Advocacy interventions to reduce or eliminate violence and promote the physical and psychosocial well‐being of women who experience intimate partner abuse

Added April 18, 2020

Citation: Rivas C, Ramsay J, Sadowski L, et al. Advocacy interventions to reduce or eliminate violence and promote the physical and psychosocial well‐being of women who experience intimate partner abuse: a systematic review. Campbell Systematic Reviews 2016; 2

What is this: There have been increases in domestic violence during the COVID-19 pandemic. Information is needed on interventions to promote the well-being of women who experience intimate partner abuse.

In this Campbell systematic review, the authors searched for randomized or quasi‐randomized trials of the effects on intimate partner violence and women’s wellbeing of advocacy interventions, among women aged 15 years and over. They did not restrict by language of publication and did their search in April 2015. They included 11 randomized and 2 quasi-randomized trials (total: 2141 participants).

What works: Brief advocacy interventions may reduce depression and improve quality of life for women who have experienced intimate partner abuse.

More intensive advocacy interventions may reduce physical abuse for women who have experienced intimate partner abuse.

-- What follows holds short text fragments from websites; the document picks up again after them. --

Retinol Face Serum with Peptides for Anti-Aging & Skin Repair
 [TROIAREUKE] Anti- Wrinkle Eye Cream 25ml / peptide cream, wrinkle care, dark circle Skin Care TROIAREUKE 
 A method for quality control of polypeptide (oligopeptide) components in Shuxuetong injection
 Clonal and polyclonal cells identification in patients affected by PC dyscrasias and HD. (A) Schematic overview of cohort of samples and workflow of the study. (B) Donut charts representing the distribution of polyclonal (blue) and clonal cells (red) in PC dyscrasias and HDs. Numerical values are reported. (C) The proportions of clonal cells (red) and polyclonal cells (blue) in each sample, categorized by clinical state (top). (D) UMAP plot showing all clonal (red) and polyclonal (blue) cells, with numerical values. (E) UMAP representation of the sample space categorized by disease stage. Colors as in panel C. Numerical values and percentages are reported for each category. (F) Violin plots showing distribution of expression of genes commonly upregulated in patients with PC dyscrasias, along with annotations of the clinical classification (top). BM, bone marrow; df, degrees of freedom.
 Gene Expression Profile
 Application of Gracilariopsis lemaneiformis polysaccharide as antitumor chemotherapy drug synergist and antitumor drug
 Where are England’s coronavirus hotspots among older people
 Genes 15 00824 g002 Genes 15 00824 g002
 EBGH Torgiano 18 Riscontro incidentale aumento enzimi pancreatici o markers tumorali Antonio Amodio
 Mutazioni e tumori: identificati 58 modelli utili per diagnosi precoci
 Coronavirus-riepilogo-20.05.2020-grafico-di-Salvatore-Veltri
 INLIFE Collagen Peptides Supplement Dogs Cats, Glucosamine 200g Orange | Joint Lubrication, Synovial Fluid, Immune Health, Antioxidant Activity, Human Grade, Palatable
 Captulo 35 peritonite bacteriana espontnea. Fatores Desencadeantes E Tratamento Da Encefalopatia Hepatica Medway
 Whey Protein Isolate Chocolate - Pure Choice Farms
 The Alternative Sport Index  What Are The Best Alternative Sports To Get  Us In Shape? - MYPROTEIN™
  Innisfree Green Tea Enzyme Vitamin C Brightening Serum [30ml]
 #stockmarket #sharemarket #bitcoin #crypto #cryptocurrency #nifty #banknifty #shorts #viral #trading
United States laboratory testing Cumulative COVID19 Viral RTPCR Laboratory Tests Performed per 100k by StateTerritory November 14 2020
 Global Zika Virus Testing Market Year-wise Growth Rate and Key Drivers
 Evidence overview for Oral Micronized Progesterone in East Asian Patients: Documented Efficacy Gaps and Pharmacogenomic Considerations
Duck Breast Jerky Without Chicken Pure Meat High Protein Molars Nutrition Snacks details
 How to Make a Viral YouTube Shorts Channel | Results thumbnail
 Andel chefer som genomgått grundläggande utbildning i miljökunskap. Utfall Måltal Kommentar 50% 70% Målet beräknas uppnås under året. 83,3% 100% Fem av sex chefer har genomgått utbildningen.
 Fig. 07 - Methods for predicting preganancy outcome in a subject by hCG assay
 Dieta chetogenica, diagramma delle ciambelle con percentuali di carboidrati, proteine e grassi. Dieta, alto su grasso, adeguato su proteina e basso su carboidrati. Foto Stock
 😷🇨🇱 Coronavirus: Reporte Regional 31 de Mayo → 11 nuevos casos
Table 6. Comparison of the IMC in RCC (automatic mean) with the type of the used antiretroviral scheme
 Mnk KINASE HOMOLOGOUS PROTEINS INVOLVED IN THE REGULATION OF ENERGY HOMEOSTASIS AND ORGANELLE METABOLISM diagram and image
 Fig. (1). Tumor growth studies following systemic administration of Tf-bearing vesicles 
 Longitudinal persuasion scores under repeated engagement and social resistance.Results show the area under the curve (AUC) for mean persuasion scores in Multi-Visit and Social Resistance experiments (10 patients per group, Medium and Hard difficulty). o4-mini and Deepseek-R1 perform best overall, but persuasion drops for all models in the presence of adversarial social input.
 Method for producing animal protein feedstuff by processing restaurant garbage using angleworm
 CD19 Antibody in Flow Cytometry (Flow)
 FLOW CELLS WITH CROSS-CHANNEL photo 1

What doesn’t work: Brief interventions are not effective in reducing physical or sexual abuse for women who have experienced intimate partner abuse

What’s uncertain: The effects of these interventions when delivered in the context of social distancing are uncertain.

The effects of intensive advocacy interventions delivered remotely are uncertain.

 

Disclaimer: This summary has been written by staff and volunteers of Evidence Aid in order to make the content of the original document accessible to decision makers who are searching for the available evidence on the coronavirus (COVID-19) but may not have the time, initially, to read the original report in full. This summary is not intended as a substitute for the medical advice of physicians, other health workers, professional associations, guideline developers, or national governments and international agencies. If readers of this summary think that the evidence that is presented within it is relevant to their decision-making they should refer to the content and details of the original article, and the advice and guidelines offered by other sources of expertise, before making decisions. Evidence Aid cannot be held responsible for any decisions made about the coronavirus (COVID-19) on the basis of this summary alone.